You'll be fine. It's not the sexiest brand and doesn't have that much hype but if it's a good size for you it'll be a good setup to get back into things. I always think it's such a waste when people go buy a brand new $400+ board when they are just starting out. My beginner friends always find themselves stuck with stiff freeride setups because while reading about snowboards they see "stable", "responsive", etc. but they don't realize that those boards are not necessary for 100% of the riding they do as beginners (especially out here in the east) and probably make it harder for them to learn.


----------



## Flick Montana (Jul 9, 2007)

It's a price point board. If you absolutely cannot spend more than a couple hundred dollars, you can ride a Lamar and be just fine. But it's not what I consider an investment. My Rome Anthem board has lasted 4 years now and I only paid $250 for it to start with. I have serious doubts that a Lamar will last that long.

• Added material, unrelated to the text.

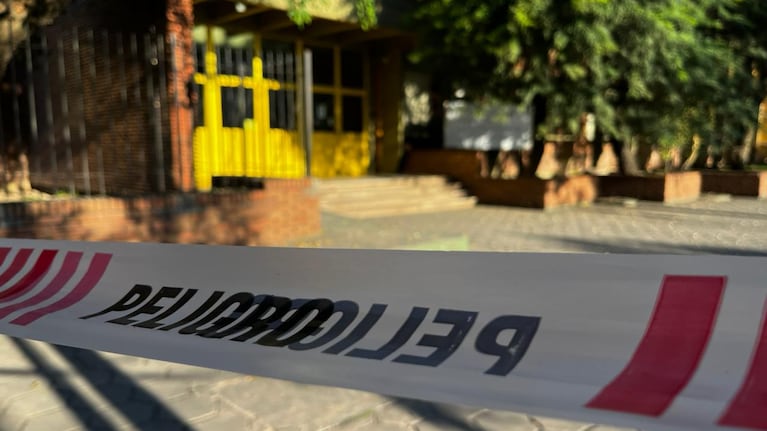 La escuela Mariano Moreno, el lugar del brutal tiroteo fatal en la localidad santafesina de San Cristóbal.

While I don't believe in the go big or go home thing, I do think that it is wiser to spend a little bit more up front and get a board that will last longer, grow with you and be more fun. But if you are on a tight budget and you only board a few times a year, there is absolutely nothing wrong with going for a price point board.

The only caveat I can think of is that you can usually find a last season or slightly used big name board for as much as a new price point board.


----------



## Leo (Nov 24, 2009)

Flick Montana said:


> The only caveat I can think of is that you can usually find a last season or slightly used big name board for as much as a new price point board.

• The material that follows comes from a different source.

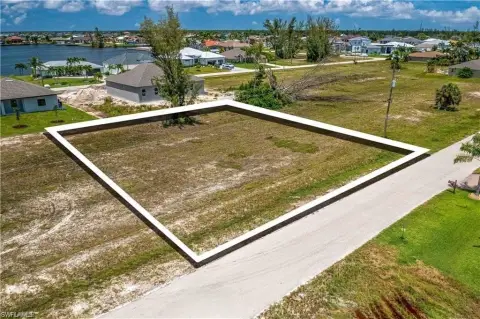 Residential Lot in Cape Coral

That's how mommy did it and that's how I did it. I picked up a Ride Control for my first board that was the year's before model for like $130. I did outgrow it that same season though lol.

I kind of have to disagree with telling beginners not to purchase $400 (talking retail price) boards. Yea, they might be stiffer or what not, but they can learn it. It's a bad idea if you are the type that gives up easily. As much as I loved learning on the Ride Control, I regretted spending money on a lower board. Bought my 07 Shaun White the next year and been loving it since. Found it dirt cheap in 06.

If you can find a previous year $200 intermediate - advanced board that originally cost $400, go for it. No point in wasting $100 on an entry level board in this situation.


----------



## john doe (Nov 6, 2009)

Ride your ass off and enjoy the board. What you have is almost certainly better then the best stuff 15 years ago. Make some friends on the slopes and try as many boards and you can. Then you can know what you want for next season.


----------



## Guest (Dec 1, 2009)

Alright. Thanks for the suggestions and encouragement. This season will mostly be spent with my 5 year old son and my girlfriend, both have never been snowboarding anyway so I just plan on getting back into it and taking things pretty easy. Hopefully it rides okay and lasts a season or two until I can get something better.


----------



## ATOTony76 (May 26, 2009)

BuddhistClamper said:


> Alright. Thanks for the suggestions and encouragement. This season will mostly be spent with my 5 year old son and my girlfriend, both have never been snowboarding anyway so I just plan on getting back into it and taking things pretty easy. Hopefully it rides okay and lasts a season or two until I can get something better.


I think you will be fine. Lamar will always hold a special place in my heart. It was my first board that i learned on.


----------



## Guest (Dec 2, 2009)

I have a Lamar intrigue 159 and its great my last board was a Lamar and it lasted 4 seasons and then I out grew it. I have no problem with Lamar.


----------



## sumo28 (Nov 4, 2009)

Leo said:


> I kind of have to disagree with telling beginners not to purchase $400 (talking retail price) boards. Yea, they might be stiffer or what not, but they can learn it. It's a bad idea if you are the type that gives up easily.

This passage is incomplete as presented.